One-way ticket straight down

Noticed this story in the blogosphere earlier.

Death Penalty/Tookie Williams

Judge Posner has an interesting discussion of the effects of capital punishment, and observations of the Williams case:

Early empirical analysis by Isaac Ehrlich found a substantial incremental deterrent effect of capital punishment, a finding that coincides with the common sense of the situation: it is exceedingly rare for a defendant who has a choice to prefer being executed to being imprisoned for life. [Ed: Posner also notes that Ehrlich's study, though met with heavy criticims in years since the study, has recently received renewed support by subsequent economics studies] . . . these authors found that one execution deters 18 murders. Although this ratio may seem implausible given that the probability of being executed for committing a murder is less than 1 percent [out of all murderers]. . . . Even a 1 percent probability of death is hardly trivial; most people would pay a substantial amount of money to eliminate such a probability.

[Turning to the Williams case] the major argument made for clemency was that he had reformed in prison and, more important, had become an influential critic of the type of gang violence in which he had engaged. . . . On the one hand, if murderers know that by "reforming" on death row they will have a good shot at clemency, the deterrent effect of the death penalty will be reduced. . . . [C]lemency is the currency in which such activities [William's writings agains violence] are compensated and therefore encouraged. Presumably grants of clemency on such a basis should be rare, since there probably are rapidly diminishing social returns to death-row advocacy, along with diminished deterrence as a result of fewer executions. For the more murderers under sentence of death there are who publicly denounce murder and other criminality, the less credibility the denunciations have.

Tuesday, December 20, 2005

Requirement of ID teaching ruled unconstitutional

A federal district court judge today in PA released an opinion declaring the school board resolution--requiring schools in the district to teach Intelligent Design in its classrooms--to be out of accord with the Establishment Clause of the First Amendment. I have some thoughts about this that I hope to blog before the end of the week.

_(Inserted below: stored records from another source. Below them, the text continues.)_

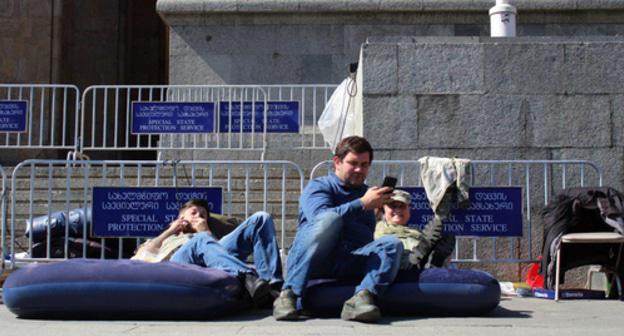 Supporters of Zaza Saralidze in front of the parliament, September 18, 2018. Photo by Inna Kukudzhanova for the Caucasian Knot Supporters of Zaza Saralidze in front of the parliament, September 18, 2018. Photo by Inna Kukudzhanova for the Caucasian Knot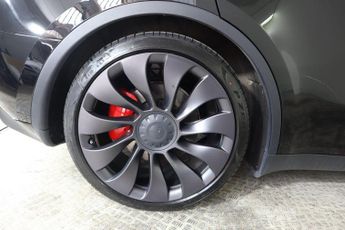 TESLA MODEL Y (Dual Motor) Performance Auto 4WDE 5dr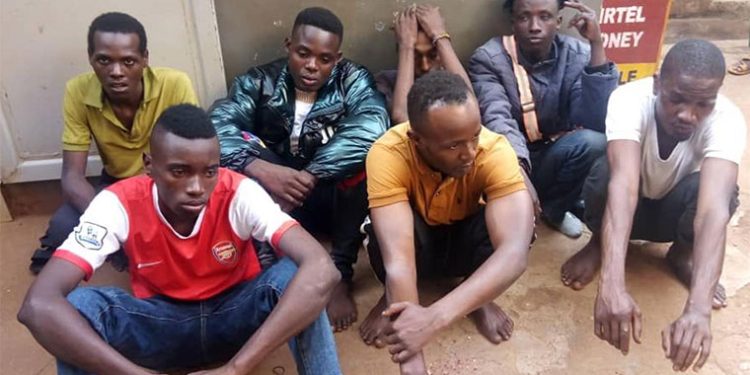 Robbers arrested fighting over stolen items.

Wednesday, December 14, 2005

Media Bias?

Proof that the media is no different than the political parties themselves in terms of the spin put on stories: Compare the two headlines from Bush's speech today. First note the CNN story. Contrast it with Fox News. Titles are meant to convey a great deal of importance, yes?

Tuesday, December 06, 2005

Reminder to keep your sense of humor

As we study for finals, let us take inspiration from Kathleen Sullivan, recent Dean of Stanford Law, constitutional law scholar, and frequent Supreme Court advocate, who this summer failed the California Bar Exam.